Abstract
2,3,7,8-Tetrachlorodibenzo-p-dioxin (TCDD) binds and activates the aryl hydrocarbon receptor (Ah-R), an endogenous transcription factor that is expressed in the thymus. TCDD exposure leads, among other effects, to thymus atrophy and immunosuppression. We previously analyzed the interference of TCDD with differentiation processes in fetal thymus organ cultures and found that in the presence of TCDD, the proliferation rate of immature (CD4−CD8− and CD4−CD8+ HSA+) thymocytes is inhibited, whereas the maturation along the CD4/CD8 path is accelerated. Moreover, the differentiation of thymocytes is skewed by TCDD at ≤40% (compared with ∼15% without TCDD) of the CD8 single-positive subset of future cytotoxic T cells, and apparently more cells audition for and pass positive selection.
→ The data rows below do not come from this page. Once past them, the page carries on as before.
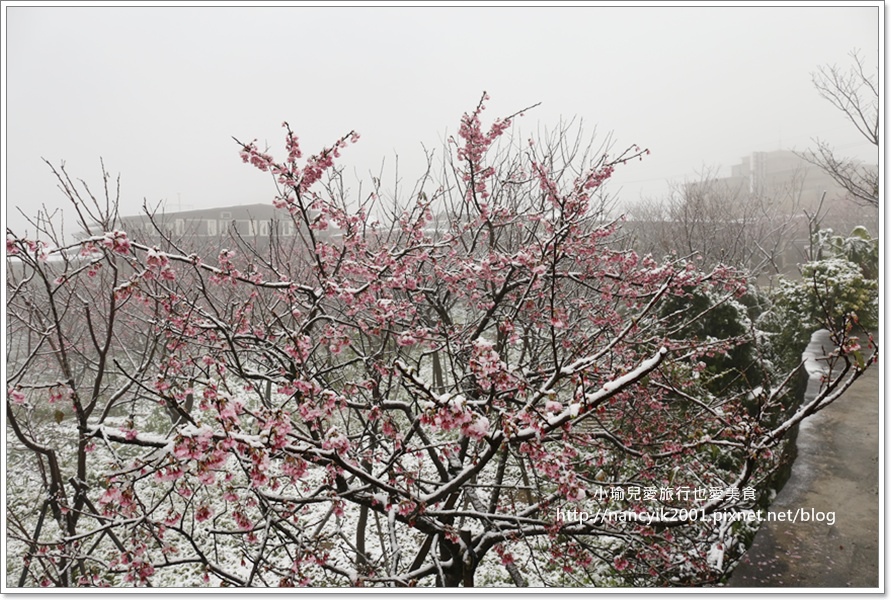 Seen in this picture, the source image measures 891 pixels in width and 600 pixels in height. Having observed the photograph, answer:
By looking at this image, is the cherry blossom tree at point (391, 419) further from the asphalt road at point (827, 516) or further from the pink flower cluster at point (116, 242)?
the asphalt road at point (827, 516)

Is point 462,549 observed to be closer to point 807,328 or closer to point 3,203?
point 3,203

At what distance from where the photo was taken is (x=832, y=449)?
3.64 metres

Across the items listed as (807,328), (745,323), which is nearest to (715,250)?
(807,328)

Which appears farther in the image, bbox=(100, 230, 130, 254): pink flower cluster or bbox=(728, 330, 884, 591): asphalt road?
bbox=(728, 330, 884, 591): asphalt road

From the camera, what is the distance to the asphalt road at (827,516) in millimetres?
2354

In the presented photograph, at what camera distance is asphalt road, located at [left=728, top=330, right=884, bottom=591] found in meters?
2.35

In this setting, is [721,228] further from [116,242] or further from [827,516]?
[116,242]

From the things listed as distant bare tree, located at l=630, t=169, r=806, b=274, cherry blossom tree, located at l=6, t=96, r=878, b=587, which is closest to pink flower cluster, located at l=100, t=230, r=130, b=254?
cherry blossom tree, located at l=6, t=96, r=878, b=587

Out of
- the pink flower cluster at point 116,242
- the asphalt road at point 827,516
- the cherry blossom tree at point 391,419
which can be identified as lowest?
the asphalt road at point 827,516

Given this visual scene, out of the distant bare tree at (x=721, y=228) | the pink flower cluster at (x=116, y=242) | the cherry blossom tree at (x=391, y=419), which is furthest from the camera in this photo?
the distant bare tree at (x=721, y=228)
The fetal murine thymus expresses functional Ah-R mRNA, as shown by reverse transcription-polymerase chain reaction and TCDD-inducible CYP1A1 and CYP1B1 expression. Because the differentiation of thymocytes is to a considerable extent controlled by cytokines and many cytokine genes are potential targets of the Ah-R due to Ah-R-binding elements (xenobiotic response elements) in their promoters, we analyzed the cytokine expression in fetal thymus organ culture exposed to TCDD. Fetal thymi were cultured from gestation day 15 for ≤8 days, thus coveringex vivo the period after population of the thymus anlage until birth. We show with semiquantitative reverse transcription-polymerase chain reaction that more interleukin (IL)-1β, IL-2, IL-6, tumor growth factor (TGF)-β3, and tumor necrosis factor-α are produced in TCDD-exposed thymi, whereas other cytokines (e.g., TGF-β1, PAI-2, or IL-4) are only slightly up- and down-modulated during the culture period or not modulated at all (e.g., IL-1β, IL-7, interferon-γ, and TGF-β2).
Footnotes
- Received February 10, 1997.
- Accepted March 27, 1997.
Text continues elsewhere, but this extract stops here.